→ **EXERCISE DETAILS**
All lines from the top of the records below through the line holding "Compressed Air Duster, 130K", and only those, should be printed exactly, minus the pictures.

→ **DATASET RECORDS**

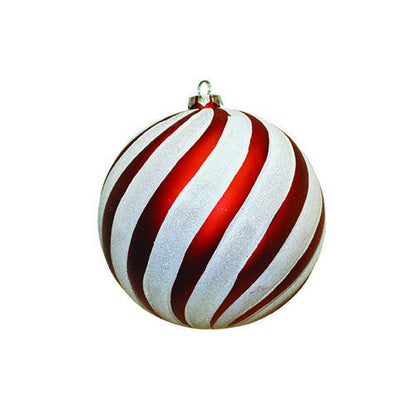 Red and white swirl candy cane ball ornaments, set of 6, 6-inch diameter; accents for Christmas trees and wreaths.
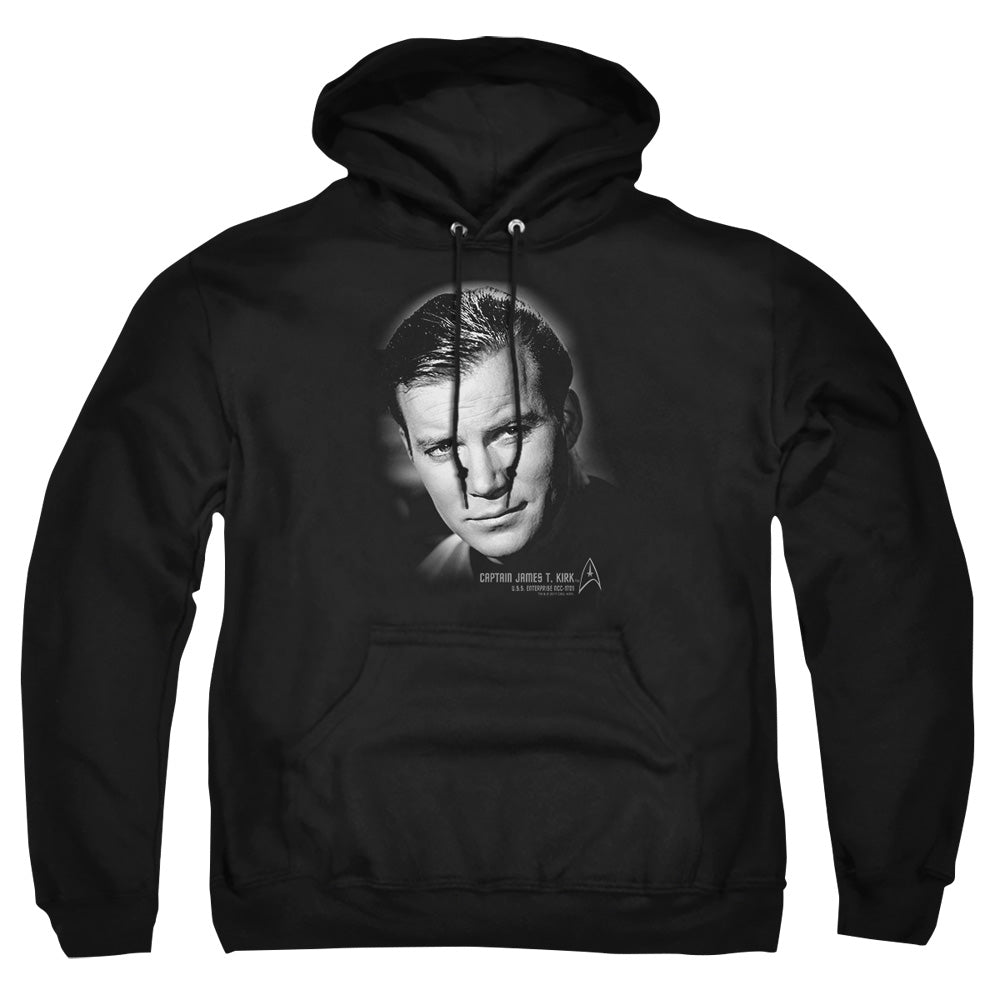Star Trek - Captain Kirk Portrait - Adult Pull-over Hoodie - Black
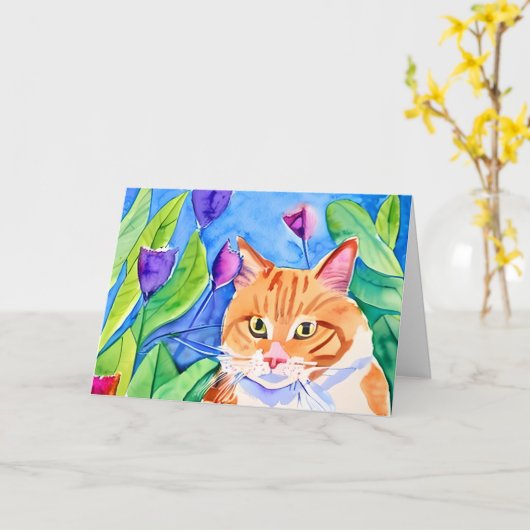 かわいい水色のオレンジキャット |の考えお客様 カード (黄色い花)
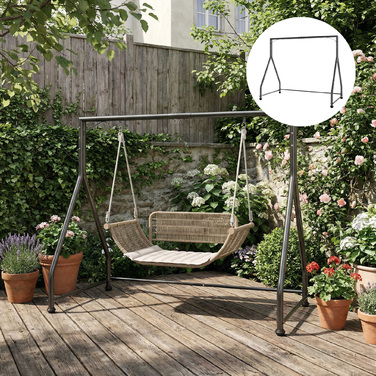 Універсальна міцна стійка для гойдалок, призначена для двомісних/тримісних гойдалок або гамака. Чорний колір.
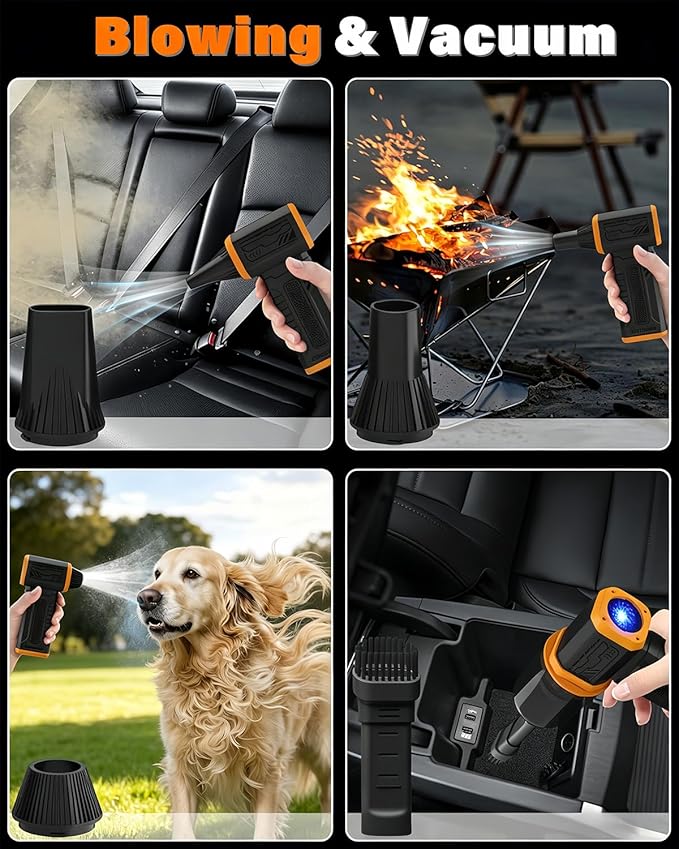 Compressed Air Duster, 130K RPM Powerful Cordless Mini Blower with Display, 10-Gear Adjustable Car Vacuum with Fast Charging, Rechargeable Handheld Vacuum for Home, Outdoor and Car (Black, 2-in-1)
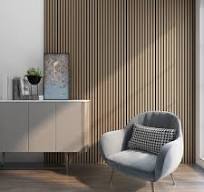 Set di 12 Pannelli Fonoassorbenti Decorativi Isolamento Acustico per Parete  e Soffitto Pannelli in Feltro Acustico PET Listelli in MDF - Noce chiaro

→ **EXERCISE SOLUTION**
 Red and white swirl candy cane ball ornaments, set of 6, 6-inch diameter; accents for Christmas trees and wreaths.
Star Trek - Captain Kirk Portrait - Adult Pull-over Hoodie - Black
 かわいい水色のオレンジキャット |の考えお客様 カード (黄色い花)
 Універсальна міцна стійка для гойдалок, призначена для двомісних/тримісних гойдалок або гамака. Чорний колір.
 Compressed Air Duster, 130K RPM Powerful Cordless Mini Blower with Display, 10-Gear Adjustable Car Vacuum with Fast Charging, Rechargeable Handheld Vacuum for Home, Outdoor and Car (Black, 2-in-1)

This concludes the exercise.